Not all market participants view MicroStrategy’s aggressive Bitcoin accumulation strategy favorably. Peter Schiff, the well-known gold investor and longtime cryptocurrency skeptic, has intensified his criticism of the company’s approach. Schiff specifically targeted MicroStrategy’s rising average cost basis—now approximately $74,433 per BTC—which he argues has been moving closer to current market values and could limit upside potential if prices fail to rebound significantly. In comments made on Sunday, Schiff went so far as to label MicroStrategy Inc.’s singular focus on Bitcoin as ‘a fraud.’

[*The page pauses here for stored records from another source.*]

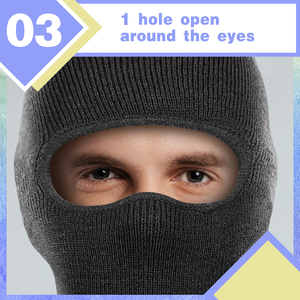 <span class=keywords><strong>Cagoule</strong></span> tricotée noire européenne et américaine à trou unique masque pour hommes <span class=keywords><strong>cagoule</strong></span> coupe-vent et résistant au froid chapeau de <span class=keywords><strong>bandit</strong></span> long et court - Product Image 4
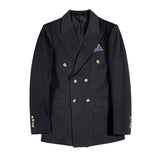 Double Brewed Seersucker Suit Men's Casual Two-Piece Suit Slim Fit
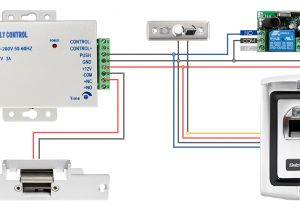 Fingerprint Access Control Wiring Diagram Fingerprint Door Lock Access Control Controller Nc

The gold advocate has challenged Michael Saylor to a live debate at Binance Blockchain Week in Dubai this December, setting the stage for a potential showdown between two prominent but diametrically opposed investment philosophies. Schiff argues that the company’s recent gains primarily stem from Bitcoin’s overall price appreciation rather than strategic business acumen, warning that if investor confidence in Bitcoin erodes, MicroStrategy’s financial stability could face significant challenges. This criticism comes as the company continues to report strong performance metrics, including a BTC yield of 27.8% year-to-date for 2025.

Investment Implications and Market Perspective

For outside observers and retail investors, MicroStrategy’s current situation provides several important lessons about cryptocurrency investing. Even the market’s largest and most committed corporate holders can see substantial portions of their inventory fall into loss positions during market downturns. The company’s newer purchases have undoubtedly reduced its headline returns, transforming what was a 68% profit ratio in early October to the current 22% overall gain. However, these acquisitions have not wiped out the company’s substantial paper profit, demonstrating the importance of cost averaging and long-term perspective in volatile asset classes.

The short-term results for MicroStrategy’s November Bitcoin purchases appear poor, with immediate double-digit percentage losses. Yet the company’s filings indicate that Saylor and his team treat price dips as opportunities to add coins at discounted rates, maintaining their conviction in Bitcoin’s long-term value proposition. The ultimate success or failure of these recent acquisitions will depend entirely on future price movements, highlighting the speculative nature of timing cryptocurrency markets. As the debate between cryptocurrency proponents like Saylor and traditional asset advocates like Schiff continues, investors are reminded that even well-capitalized corporate strategies face significant volatility in the emerging digital asset space.